Większość przecieków z iPhonem SE 2 w roli głównej to grafiki przygotowane przez fanów albo zdjęcia folii i szkieł ochronnych na przedni panel smartfona. Firma Olixar, która w zeszłym miesiącu przekazała informację, że rozpoczyna produkcję akcesoriów dla tego niezaprezentowanego jeszcze modelu iPhone’a, wycofuje się ze swoich zapewnień o tym, że taki smartfon ujrzy światło dzienne. Podobno Apple uśmierciło ten projekt.

Oczywiście za wcześnie jeszcze, by siać panikę, ale trzeba przyjrzeć się doniesieniom, przez które nasza pewność pojawienia się na rynku iPhone’a SE 2 (lub inaczej: iPhone’a SE 2018) przestaje być niewzruszona.

Firma Olixar powołuje się na własne źródła, według których Apple nie planuje w tym roku zaprezentowania małego iPhone’a. To dziwne, bo jeszcze miesiąc temu gorliwie dzieliła się z innymi projektami CAD tego urządzenia. Na ich podstawie wielu producentów akcesoriów rozpoczęło produkcję gadżetów przeznaczonych dla iPhone’a SE 2.

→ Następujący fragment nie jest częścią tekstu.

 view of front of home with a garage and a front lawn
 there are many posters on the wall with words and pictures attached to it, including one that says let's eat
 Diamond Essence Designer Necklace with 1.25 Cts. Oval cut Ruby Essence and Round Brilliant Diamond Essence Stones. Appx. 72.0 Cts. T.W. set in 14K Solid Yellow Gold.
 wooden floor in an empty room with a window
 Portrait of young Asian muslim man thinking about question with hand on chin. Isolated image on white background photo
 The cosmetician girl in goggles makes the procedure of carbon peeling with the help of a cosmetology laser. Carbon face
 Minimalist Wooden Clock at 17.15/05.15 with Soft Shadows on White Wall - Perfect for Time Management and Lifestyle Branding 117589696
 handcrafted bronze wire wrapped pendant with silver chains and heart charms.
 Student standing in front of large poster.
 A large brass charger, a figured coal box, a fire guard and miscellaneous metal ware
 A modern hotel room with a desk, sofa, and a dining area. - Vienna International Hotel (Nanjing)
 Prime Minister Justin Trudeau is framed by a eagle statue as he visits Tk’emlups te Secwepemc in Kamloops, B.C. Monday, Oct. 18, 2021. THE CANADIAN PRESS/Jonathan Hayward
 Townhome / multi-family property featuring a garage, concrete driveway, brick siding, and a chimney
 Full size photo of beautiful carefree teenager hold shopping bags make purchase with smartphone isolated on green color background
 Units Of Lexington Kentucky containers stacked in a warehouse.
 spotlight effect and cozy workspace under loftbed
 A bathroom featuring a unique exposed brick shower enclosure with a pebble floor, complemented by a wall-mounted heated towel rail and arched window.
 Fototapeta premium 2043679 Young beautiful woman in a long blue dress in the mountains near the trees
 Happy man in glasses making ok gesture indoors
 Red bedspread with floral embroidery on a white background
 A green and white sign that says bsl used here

Olixar, ufając w rzetelność swoich informatorów, zdecydował się jednak wstrzymać wytwarzanie dodatków dla tego modelu. A jeśli firma, która utrzymuje się ze sprzedaży takich rzeczy, rezygnuje z ich produkcji, i to na model, który potencjalnie mógłby stać się hitem sprzedaży, to musi być coś na rzeczy.

Ogólnie rzecz biorąc, iPhone SE 2 jest bardziej modelem życzeniowym niż realnym. Apple nigdy nie potwierdziło prac nad takim urządzeniem. W sieci zaś od dłuższego czasu funkcjonuje przekonanie, że gigant z Cupertino zaprezentuje tej jesieni trzy modele iPhone’ów – dwa z ekranami OLED oraz jeden, tańszy, z ekranem LCD. Ponieważ klienci znacznie częściej sięgają po smartfony z dużymi wyświetlaczami, a iPhone 2018 6,1″ LCD będzie i stosunkowo duży, i „tani”, to nie pozostawia praktycznie żadnego miejsca dla iPhone’a SE 2.

Rzecz jasna powyższe działanie producenta etui i szkieł ochronnych wcale nie musi być gwoździem do trumny małego smartfona Apple, ale trzeba przyznać, że jest ono niepokojące. Oby informatorzy Olixara się mylili. W przeciwnym wypadku mnóstwo ludzi będzie zawiedzionych, zwłaszcza, że zdążyliśmy już wyrobić sobie apetyt na następcę iPhone’a SE.